Amorim is the ‘tailor of closures’ for spirits across the globe. They are a one-stop-shop for closures with a network of specialists ready, willing and able to handle any and all high-end corking, no matter the country.
Amorim doesn’t just work with cork or work in the now, they have designs towards the future of the cork industry, on sustainability and an eye on the stars. Its research & development and innovation division (or R & D + I) isn’t three guys in lab coats drawing on a chalkboard. They are about moving the needle forward, developing new cork products and cork-related enterprises by not only using in-house ideas but funding ground-breaking proposals involving cork through their Amorim cork ventures (or ACV) division. Think of it as Shark Tank, but for cork related products.
For Amorim, sealing bottles doesn’t begin and end with cork oak. They are about crafting closures for the vessels, no matter the base material. Custom-made sealers designed by local craftsperson backed by a globally connected team. No job too small, no bottle too big, no container uncorked. What might be a high-end cork closure for one client might not fit the bill for another. It’s bespoke work with respect to the customer, region and the end user. It’s about being as versatile as cork.

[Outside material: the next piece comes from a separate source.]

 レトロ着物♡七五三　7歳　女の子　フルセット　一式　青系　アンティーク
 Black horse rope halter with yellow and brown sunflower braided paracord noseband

When Amorim or any other major cork company harvest cork oak, it’s not about yelling ‘TIMBER!’ or stripping hectares (2.471 acres) of forest down to the stumps. Cork is all about the bark. The skin of a cork oak tree is all that is needed to make corks and the math is simple, the average lifespan of a cork oak tree is 200 years. Cork oak trees regrow bark in roughly nine years, therefore, cork can be extracted from a single tree about 17 to 18 times during its life with near zero deforestation to roughly 2.471 acres of land.
So, without wanting to sound a little too dramatic: sustainability, thy name is Portuguese cork oak.
Cork oak, unlike American white oak, has unique properties that make it perfect for space travel, this was a fact unknown by several cork companies.
That is until NASA came knocking on Amorim’s doors. As it turns out, cork oak’s honeycomb cell structure combined with its complex compression composition makes it heat resistant and shock absorbent.
NASA needed a cheap, lightweight and renewable material that could resist the heat from atmospheric entry (about 3,000 degrees fahrenheit or 1,649 degrees celsius) and absorb the vibrations of an object weighing about 4,470,000 pounds leaving and re-entering the Earth’s atmosphere. Cork oak proved up to the challenge, protecting the crew, the equipment and the fuel tanks.
Cork oak proved up to the challenge, protecting the crew and the equipment
A brief bit of cork history. Before cork was used as a sealer for bottled liquids, the choices were limited to leather or cloth, neither of which had the elastic memory of cork. Both were inefficient at best and altered the taste of the liquid inside.
However, neither could successfully expand, seal and protect like cork. Further along, bottlers used clay or wax as a sealant with slightly better results. Ask a spirit loving world history major and they might point out that the Greeks and Romans used cork but only in a limited fashion.
It was somewhere around the 1500s when glass was used as a non-cork option, but production and distribution proved costly. There wasn’t a Foxconn to cheaply produce nor an Amazon warehouse to quickly distribute glass stoppers.
Therefore, cork became the best solution for a young bottling industry.
In the now, the cork industry is still growing. Companies like Amorim are expanding, doubling during the last 10 years in output and client demand. But this isn’t a sales pitch for buying Amorim stock or proving that white American oak isn’t worthy of attention. It’s all about the cork, that tiny tan-colored closure. It’s about putting a spotlight on an item that most enthusiasts, distillers, and distributors have forgotten. It’s time to appreciate the cork and give it the respect it deserves.